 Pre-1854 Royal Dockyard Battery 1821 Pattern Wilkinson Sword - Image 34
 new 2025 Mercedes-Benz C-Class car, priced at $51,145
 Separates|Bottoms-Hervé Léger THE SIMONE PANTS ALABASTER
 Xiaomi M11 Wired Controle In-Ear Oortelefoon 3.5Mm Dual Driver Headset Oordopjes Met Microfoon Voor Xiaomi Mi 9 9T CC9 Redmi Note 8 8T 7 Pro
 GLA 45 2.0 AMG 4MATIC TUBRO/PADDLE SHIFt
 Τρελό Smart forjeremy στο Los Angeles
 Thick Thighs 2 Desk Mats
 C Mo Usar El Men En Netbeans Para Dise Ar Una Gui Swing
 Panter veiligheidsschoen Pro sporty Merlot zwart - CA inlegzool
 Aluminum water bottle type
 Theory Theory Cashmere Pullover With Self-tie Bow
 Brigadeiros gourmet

━━━━

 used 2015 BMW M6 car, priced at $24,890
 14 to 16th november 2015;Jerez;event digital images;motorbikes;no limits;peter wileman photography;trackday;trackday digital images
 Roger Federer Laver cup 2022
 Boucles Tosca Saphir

━━━━

## Exercise details
Where the string "priced" shows up in the listing above, copy the line that holds it.

## Response to this exercise
 new 2025 Mercedes-Benz C-Class car, priced at $51,145
 used 2015 BMW M6 car, priced at $24,890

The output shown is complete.